#### [WORK ORDER]
Report every line of the entries that contains the word "property".
*** DATASET CONTENT ***
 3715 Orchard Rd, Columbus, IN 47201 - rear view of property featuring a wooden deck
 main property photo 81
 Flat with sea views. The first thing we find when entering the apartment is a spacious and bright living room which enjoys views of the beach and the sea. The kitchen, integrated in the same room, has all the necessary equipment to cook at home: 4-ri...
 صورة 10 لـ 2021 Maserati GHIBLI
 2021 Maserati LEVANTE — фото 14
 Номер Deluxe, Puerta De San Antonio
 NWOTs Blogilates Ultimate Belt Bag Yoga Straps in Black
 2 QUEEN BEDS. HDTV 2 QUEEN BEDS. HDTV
*** End of DATASET CONTENT ***
*** DATASET CONTENT ***
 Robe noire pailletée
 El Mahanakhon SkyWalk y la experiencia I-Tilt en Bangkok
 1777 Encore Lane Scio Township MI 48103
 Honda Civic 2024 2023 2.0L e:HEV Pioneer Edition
*** End of DATASET CONTENT ***
*** DATASET CONTENT ***
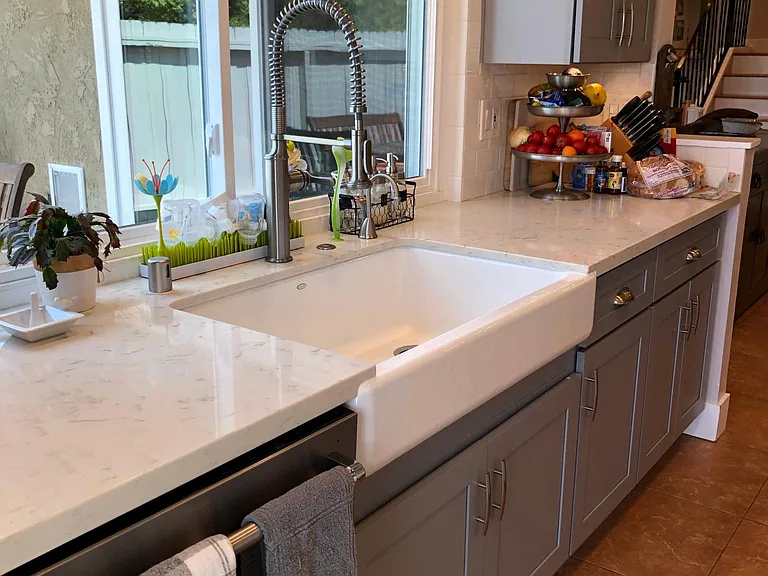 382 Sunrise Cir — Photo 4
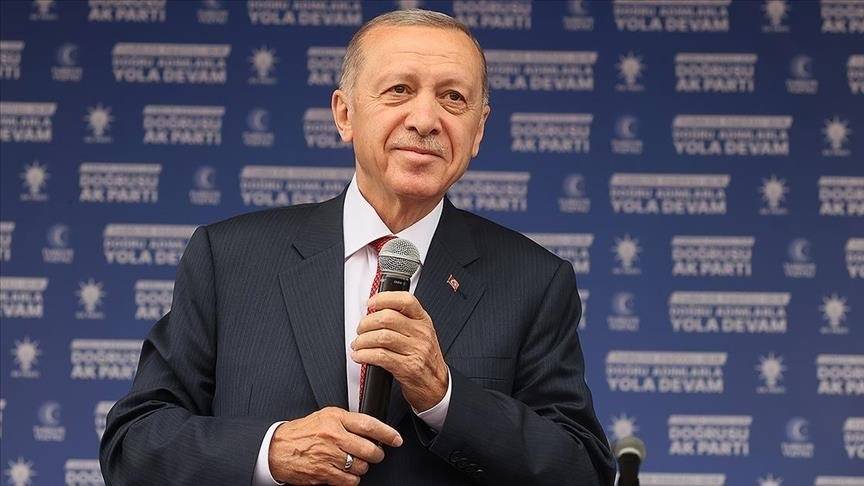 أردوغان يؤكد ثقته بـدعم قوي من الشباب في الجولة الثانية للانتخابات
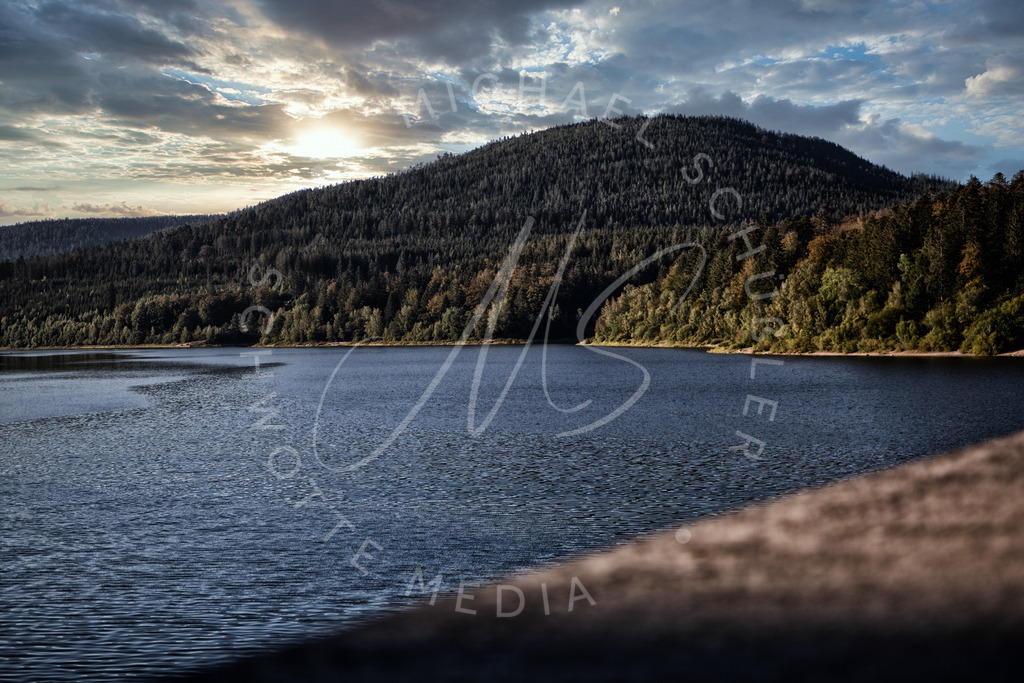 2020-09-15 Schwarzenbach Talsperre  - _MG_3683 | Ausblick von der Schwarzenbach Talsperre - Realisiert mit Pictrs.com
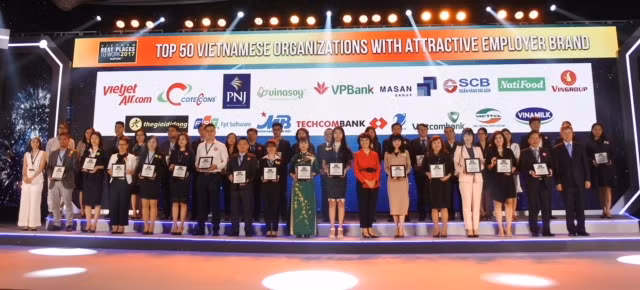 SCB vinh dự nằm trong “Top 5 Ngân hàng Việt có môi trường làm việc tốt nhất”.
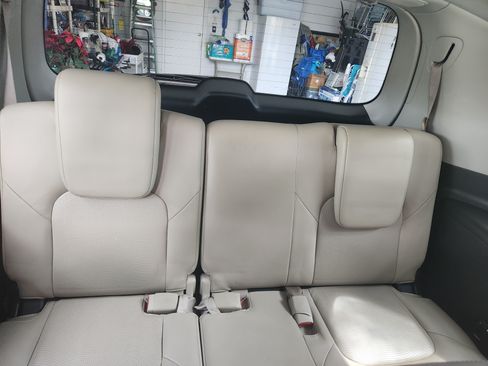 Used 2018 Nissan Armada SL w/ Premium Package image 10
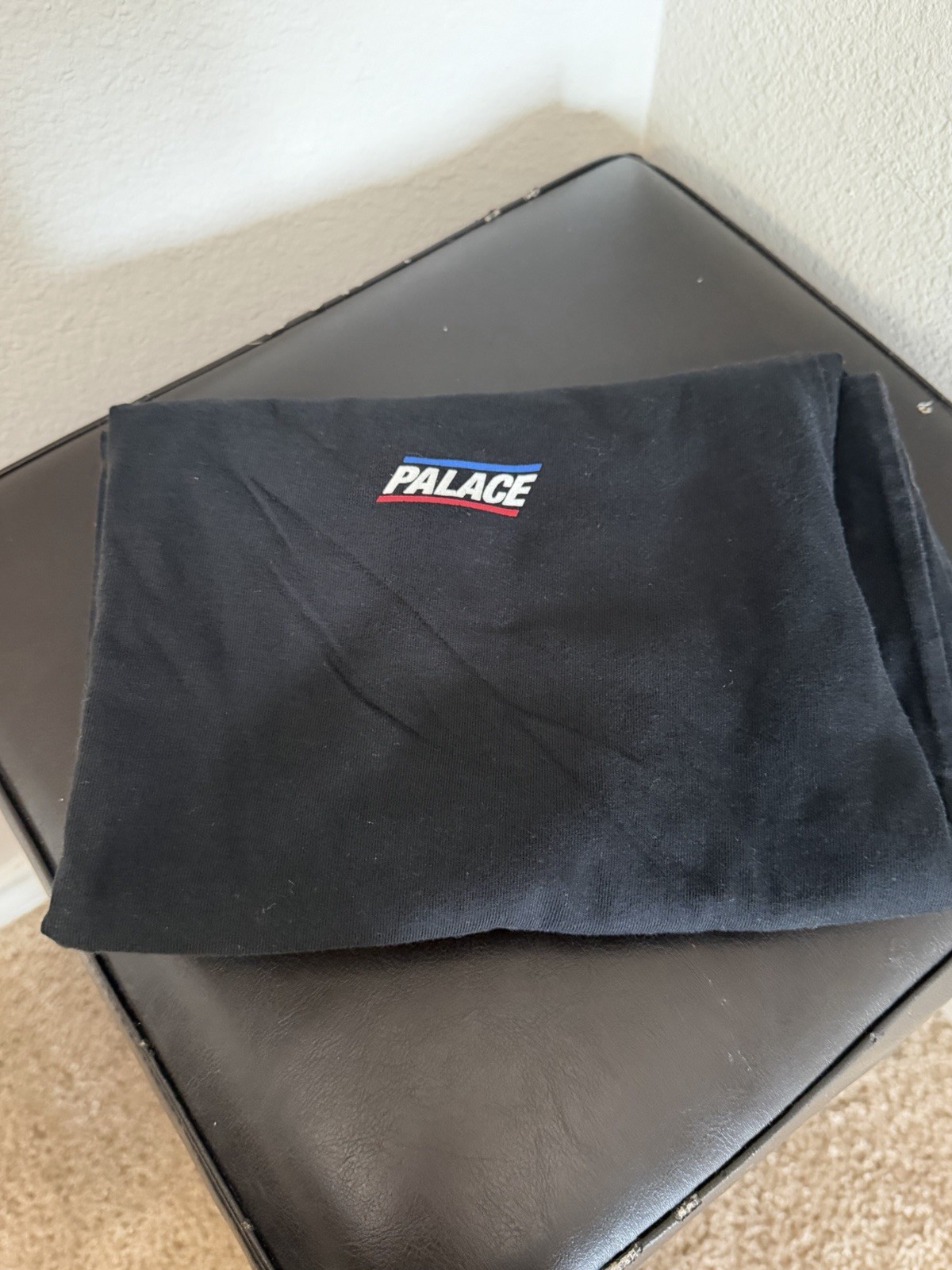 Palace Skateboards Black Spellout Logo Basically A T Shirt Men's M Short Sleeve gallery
*** End of DATASET CONTENT ***
#### [EXERCISE RESULT]
 3715 Orchard Rd, Columbus, IN 47201 - rear view of property featuring a wooden deck
 main property photo 81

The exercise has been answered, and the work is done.